▶ [What you will do]
From the material below, retype exactly the lines that begin at the line with "Mini lop Harlequin doe" and end after the line with "Lost cat in New Orleans, LA, 70119"; pictures stay out of the copy.

▶ [Records provided]
━━━━━━━━━━━━━━━━━━━━━━━━━━━━━━

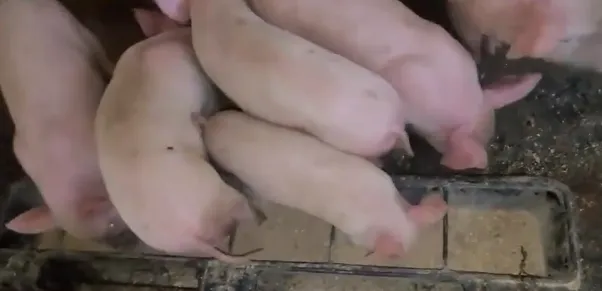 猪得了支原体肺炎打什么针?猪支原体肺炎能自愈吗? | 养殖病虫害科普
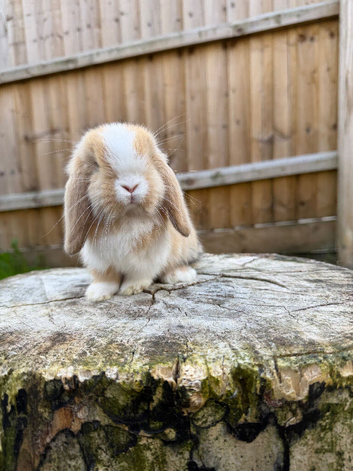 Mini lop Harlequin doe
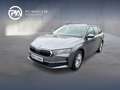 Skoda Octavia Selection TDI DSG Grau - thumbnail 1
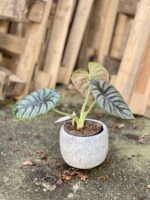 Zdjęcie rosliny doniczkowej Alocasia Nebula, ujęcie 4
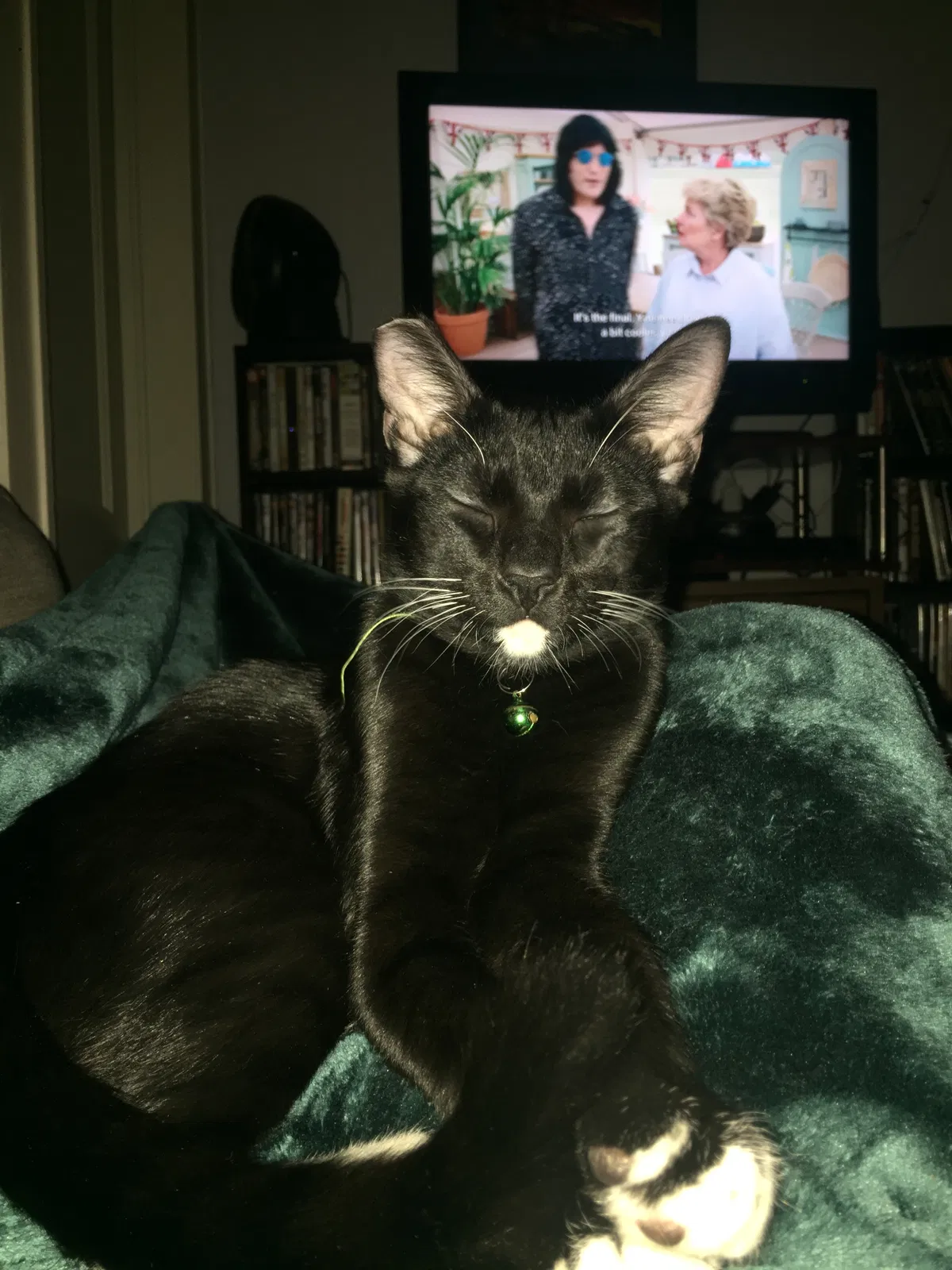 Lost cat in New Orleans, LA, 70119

━━━━━━━━━━━━━━━━━━━━━━━━━━━━━━

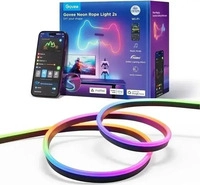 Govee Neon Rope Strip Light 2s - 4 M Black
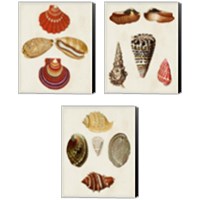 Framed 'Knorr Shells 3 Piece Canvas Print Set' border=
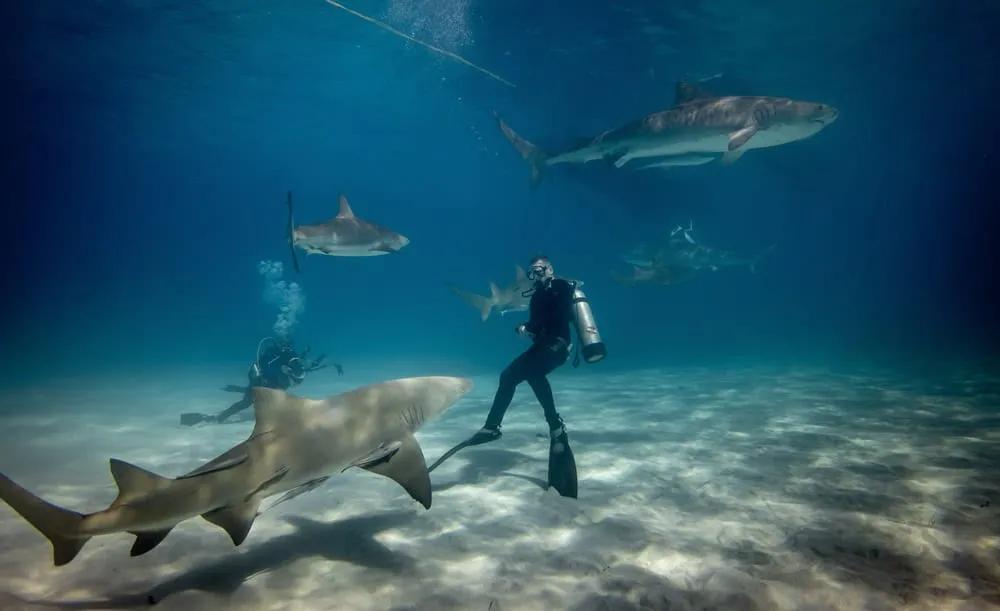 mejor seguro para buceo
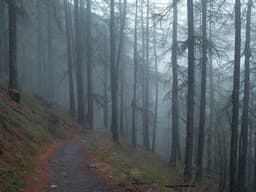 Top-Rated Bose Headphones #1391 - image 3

━━━━━━━━━━━━━━━━━━━━━━━━━━━━━━

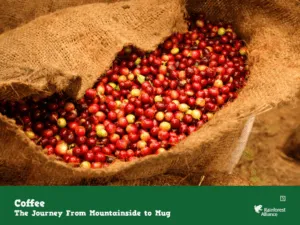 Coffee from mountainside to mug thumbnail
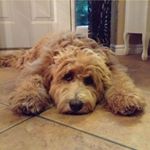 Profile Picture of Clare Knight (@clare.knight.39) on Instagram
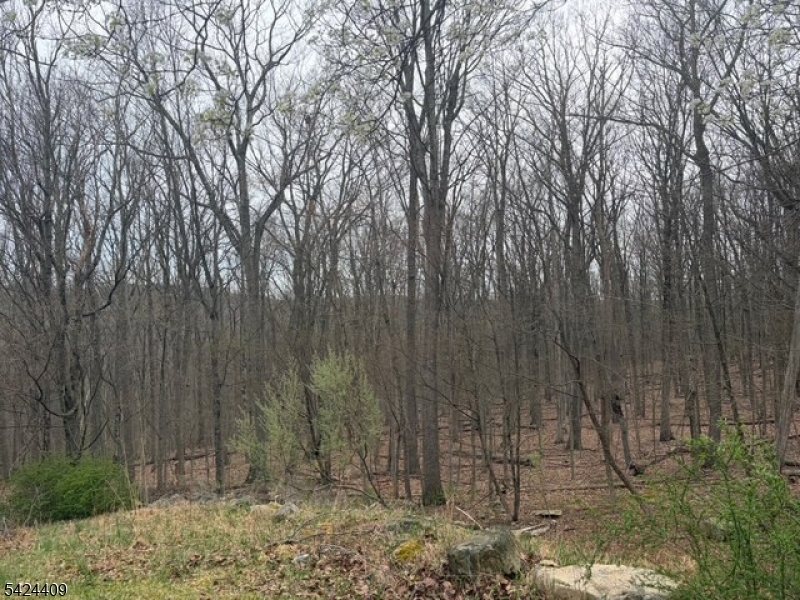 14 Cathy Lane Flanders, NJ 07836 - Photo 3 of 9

━━━━━━━━━━━━━━━━━━━━━━━━━━━━━━

▶ [Output for this task]
 Mini lop Harlequin doe
 Skoda Octavia Selection TDI DSG Grau - thumbnail 1
 Zdjęcie rosliny doniczkowej Alocasia Nebula, ujęcie 4
 Lost cat in New Orleans, LA, 70119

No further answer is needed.